Cover bands are never quite as good as the original groups themselves. While you might enjoy hearing that familiar riff from 'This Fire', it just isn't the same as actually hearing Franz Ferdinand tune up. Guitar Hero: On Tour invokes that same feeling. While it hones in on the classic Guitar Hero gameplay with great result, design issues with the required peripheral and a poor soundtrack leave the experience flat.
Going On Tour means hitting up five venues in Career mode, each of which you play a set of four songs. Although the songs are preselected, you're given the freedom to play them in any order. Complete all four tunes, as well as an encore song, and you gain popularity needed to play on the next, bigger stage. You also gain cash for purchasing new threads and guitars, although these upgrades are purely for cool factor – they don't have any impact on your performance.
While you're allowed to choose the order in which you play each song, it's only the illusion of choice. If you want to progress to the next venue, you're forced to complete each track. It's an extremely linear design that wouldn't be problematic if it weren't for the lacklustre track list. Whether you like it or not, you're going to have to play through that master recording of Pat Benatar's 'Hit Me with Your Best Shot'. Truth be told, it could be worse – you could be obligated to slog through a Smash Mouth song.
Oh, wait… you are.
Fortunately, the mechanics of the game work beautifully even if the sounds leave something to be desired. On Tour distills the Guitar Hero formula with good result. Notes streaming down the top screen are easily hit by pressing the corresponding fret buttons and strumming on the touchscreen. Using the included Guitar Hero Grip fret peripheral that plugs into the Game Boy Advance cartridge slot, you hold the handheld on its side to play.

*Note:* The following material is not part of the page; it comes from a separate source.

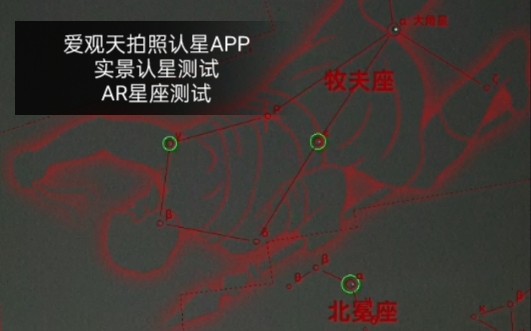 爱观天拍照认星APP星空实景识别,使用智能图像识别准确对应星点哔哩哔哩bilibili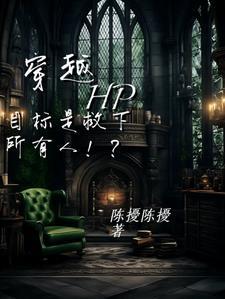 军旅重生不爱红装爱武装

In concept, it's a great set-up. The act of sliding a faux pick across the touchscreen appropriately mimics the feel of actually playing a guitar. The Grip peripheral makes it possible to cradle the handheld in your palm and use your thumb for leverage, while at the same time keeping your fingers free to work the four fret buttons.
Unfortunately, the whole thing begins to fall out of tune when you realise the Grip doesn't stay put and is downright uncomfortable. Intense jam sessions tend to wiggle the peripheral ever so gradually out of the slot. Should it slip out entirely, you're forced to reset the game. As a result, you're constantly pushing the Grip back into place. Contributing to this is the general awkwardness of the piece. DS is a bit of an unwieldy handheld to begin with, which only worsens when you add another chunk of plastic.
For all of the elements that fall flat, there are things in Guitar Hero: On Tour that exhibit sharp design. Multiplayer, which supports two players locally, soars with unique twists. Four modes including co-operative duets ensure plenty of variety. During competitive duels, special power-ups enable you to interrupt your buddy's session. Amp overload, for instance, causes your opponent's music to be muted; pyrotechnics, on the other hand, sets their stage on fire and requires hearty blowing into the microphone to put the flames out. These competitive guitar duels are also available against the computer, but they're far better sitting with a friend.
As inventive a multiplayer design Guitar Hero: On Tour possesses, it remains handicapped by an underwhelming soundtrack. A music game is only worth its salt in the tunes it packs and it's a serious stumbling block here. Combined with the issues regarding the Grip peripheral and you've got a great concept that just lacks the necessary fine tuning.